The performance increase was considerable. Accuracy (compared to the regular T-55A) was increased 6.4 times when firing while standing, 3.6 times when firing from short stops and 3 times when firing on the move. During training, regular military crews were able to hit 47.9 percent of targets with their first shot, which was 13.3 times more than using a regular T-55A.
The vehicle also received an SDIO laser designation warning indicator. The sensors covered 4 sectors. Each sector was 90 degrees wide and -15 to +45 degrees high. The measured wavelength ranged from 0.85 to 1.065 um, the maximum detectable distance of a 1MW laser was 5km.
However, introducing the Kladivo FCS and other components came at a cost. The weight of the vehicle increased by approximately 500kg and the amount of ammunition carried had to be reduced from 43 rounds to 38 rounds of the following composition:
- 18 HE rounds
- 4 AP rounds
- 6 HEAT rounds
- 10 APFSDS rounds
The vehicle probably carried AP and APFSDS rounds for economic reasons – simple AP works just as well against softer targets and large stocks of this ammunition were available since the earlier T-54/55 production.

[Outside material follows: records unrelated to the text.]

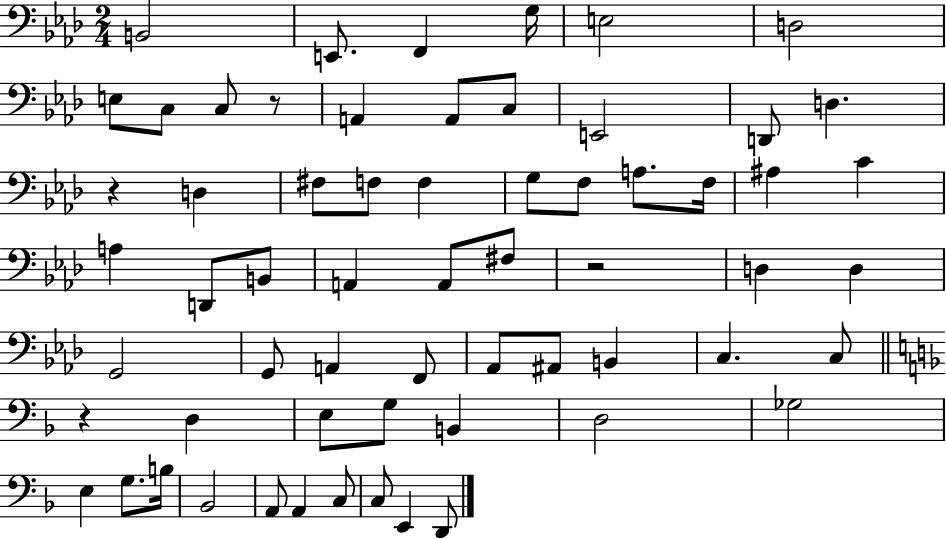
X:1
T:Untitled
M:2/4
L:1/4
K:Ab
B,,2 E,,/2 F,, G,/4 E,2 D,2 E,/2 C,/2 C,/2 z/2 A,, A,,/2 C,/2 E,,2 D,,/2 D, z D, ^F,/2 F,/2 F, G,/2 F,/2 A,/2 F,/4 ^A, C A, D,,/2 B,,/2 A,, A,,/2 ^F,/2 z2 D, D, G,,2 G,,/2 A,, F,,/2 _A,,/2 ^A,,/2 B,, C, C,/2 z D, E,/2 G,/2 B,, D,2 _G,2 E, G,/2 B,/4 _B,,2 A,,/2 A,, C,/2 C,/2 E,, D,,/2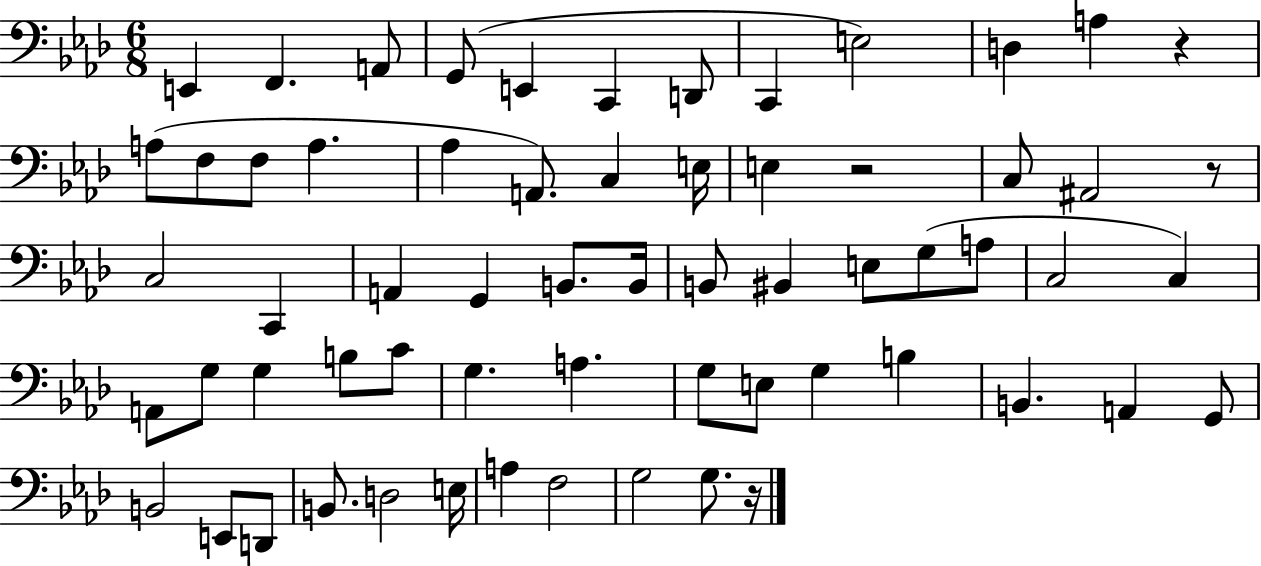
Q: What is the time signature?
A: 6/8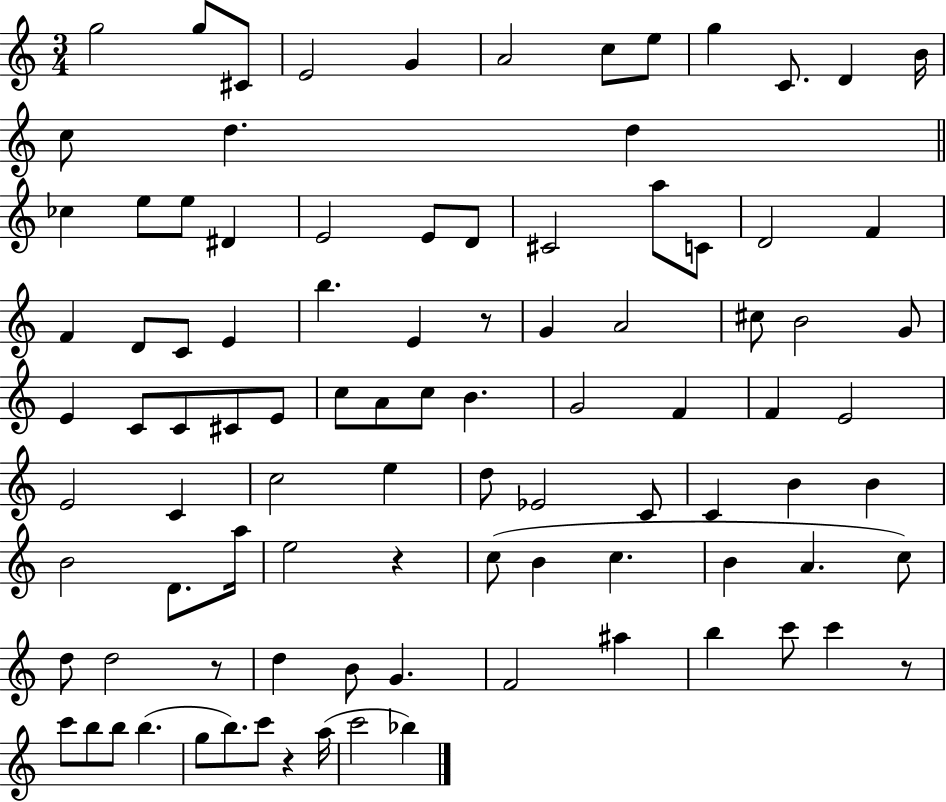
{
  \clef treble
  \numericTimeSignature
  \time 3/4
  \key c \major
  \repeat volta 2 { g''2 g''8 cis'8 | e'2 g'4 | a'2 c''8 e''8 | g''4 c'8. d'4 b'16 | \break c''8 d''4. d''4 | \bar "||" \break \key a \minor ces''4 e''8 e''8 dis'4 | e'2 e'8 d'8 | cis'2 a''8 c'8 | d'2 f'4 | \break f'4 d'8 c'8 e'4 | b''4. e'4 r8 | g'4 a'2 | cis''8 b'2 g'8 | \break e'4 c'8 c'8 cis'8 e'8 | c''8 a'8 c''8 b'4. | g'2 f'4 | f'4 e'2 | \break e'2 c'4 | c''2 e''4 | d''8 ees'2 c'8 | c'4 b'4 b'4 | \break b'2 d'8. a''16 | e''2 r4 | c''8( b'4 c''4. | b'4 a'4. c''8) | \break d''8 d''2 r8 | d''4 b'8 g'4. | f'2 ais''4 | b''4 c'''8 c'''4 r8 | \break c'''8 b''8 b''8 b''4.( | g''8 b''8.) c'''8 r4 a''16( | c'''2 bes''4) | } \bar "|."
}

The armor was unchanged from T-55 and T-55A, as was the engine (570hp V-55A four-stroke V12 diesel).
T-55AM1s were not built from scratch. Instead, from 1981 to 1985, a number of T-55A tanks was converted to the T-55AM1 standard at Repair Plant 025 in Nový Jičín (VOP 025).
How many were converted to the T-55AM1 standard is unclear. We do know that the first 40 vehicles were delivered to the military in 1982 and approximately 1200 vehicles were converted to AM1 and AM2 standard. According to some sources there were approximately 450 T-55AM2s in total, leaving approximately 750 T-55As modernized to T-55AM1. This estimate is confirmed by the available pre-1989 official military counts: 760 modernized vehicles were reported as active at the end of 1985.
The T-55 tanks remained in Czechoslovak service until 2000 or so, when they were pulled back from service and (mostly) sold abroad.
T-55AM1s were not that widely exported. Several were sold to Cambodia in 1994 and a limited number was exported to Yemen between 1999 and 2000 (97 T-55 vehicles of various types). Some of those T-55AM1s were seen participating in the civil war raging there.
Czechoslovak T-55AM1s are usually eclipsed by the second stage of the upgrade program running from 1985, the T-55AM2/AM2B, which will be covered in a future article. Despite this, the T-55AM1 was a solid variant of the T-55 in its own right and should not be forgotten by history.